#### Task statement
Give back the full listing verbatim, apart from its images.
----- Dataset section
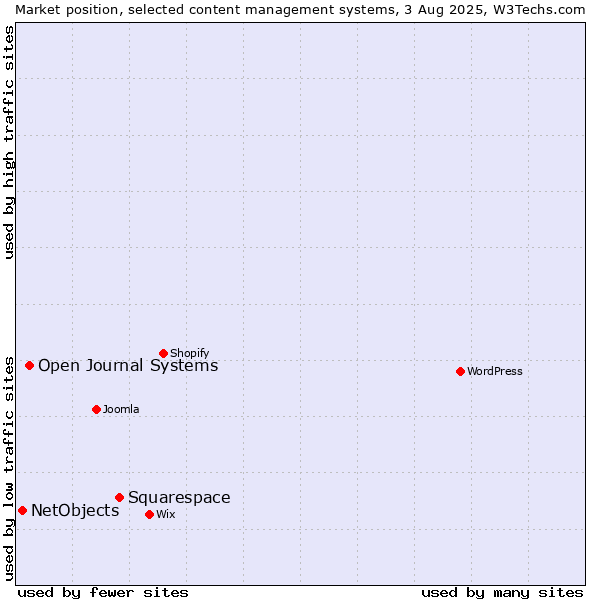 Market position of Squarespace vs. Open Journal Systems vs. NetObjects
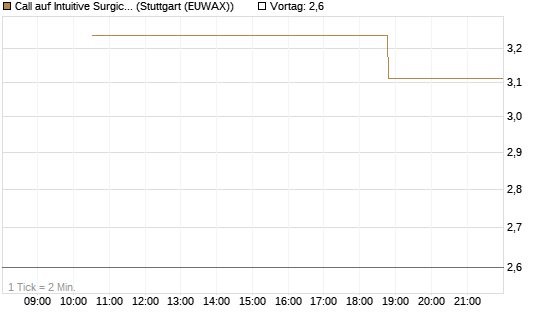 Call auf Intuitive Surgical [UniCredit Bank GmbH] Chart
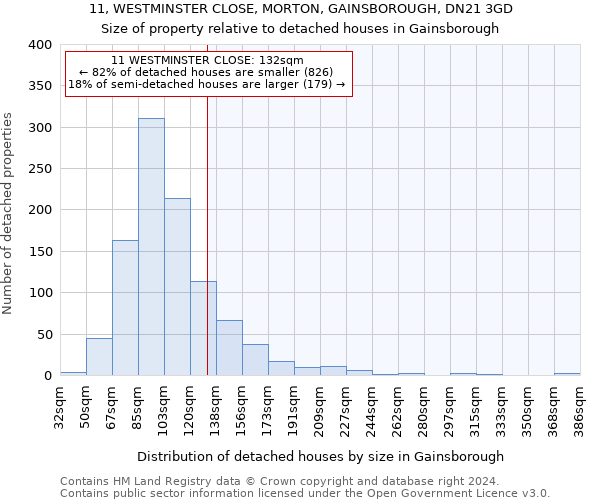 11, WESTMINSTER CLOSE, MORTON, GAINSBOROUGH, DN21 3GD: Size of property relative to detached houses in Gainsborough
----------
#### Exercise response
 Market position of Squarespace vs. Open Journal Systems vs. NetObjects
 Call auf Intuitive Surgical [UniCredit Bank GmbH] Chart
 11, WESTMINSTER CLOSE, MORTON, GAINSBOROUGH, DN21 3GD: Size of property relative to detached houses in Gainsborough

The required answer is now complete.